The average child in the United States spends roughly 4 hours and 29 minutes a day watching TV, 2 hours and 31 minutes listening to music, and 1 hour and 13 minutes playing video games. And how much of their leisure time to do they spend reading nonfiction?
Less than 4 minutes a day.
That’s the finding from a national study sponsored by the Kaiser Family Foundation (Rideout, Foehr, & Roberts, 2010). Sure, children are reading outside school—about 25 minutes a day, according to the study. But most of that reading appears to be fiction. Another study found that juvenile fiction outsells nonfiction by more than 4 to 1 (Milliot, 2012).
Even in classrooms, nonfiction appears to be in short supply. Duke (2000) conducted a study of 20 1st grade classrooms and found that informational texts constituted, on average, just 9.8 percent of texts in classroom libraries. The mean number of informational books per child was just 1.2 in low-income districts and a still relatively paltry 3.3 in high-income districts. On average, students spent just 3.6 minutes with informational text each day. Lower-income students fared worse, logging just 1.9 minutes of exposure to informational text (for example, during student reading, teacher read-alouds, or writing activities) during an average school day.
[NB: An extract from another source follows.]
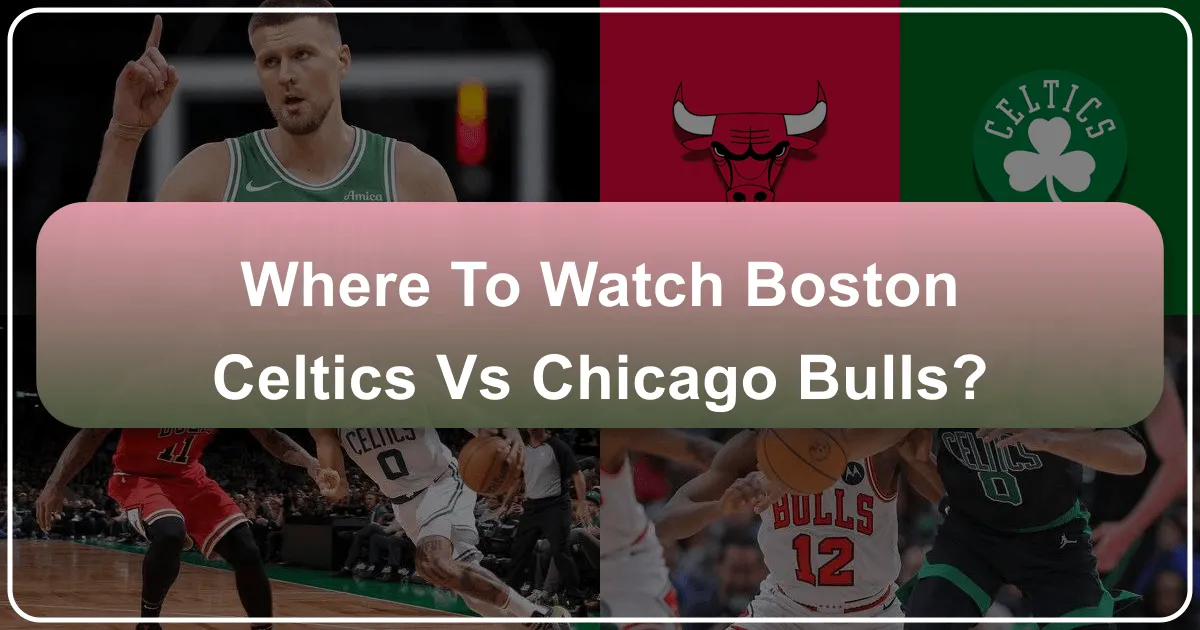 Where to Watch Boston Celtics vs Chicago Bulls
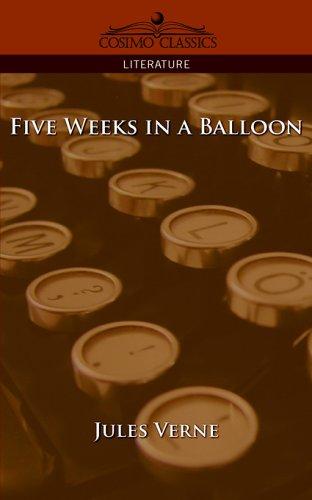 Jules Verne: Five Weeks in a Balloon (Paperback, Cosimo Classics)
A New Emphasis on Nonfiction
The new Common Core language arts and literacy standards attempt to correct this imbalance by placing more emphasis on reading nonfiction—starting with an equal emphasis on literature and informational text in elementary school (Coleman & Pimental, 2012). At nearly all grade levels, students are expected to develop research skills across content areas with a strong focus on nonfiction, including literary nonfiction; essays; biographies and autobiographies; journals and technical manuals; and charts, graphs, and maps (Gewertz, 2012).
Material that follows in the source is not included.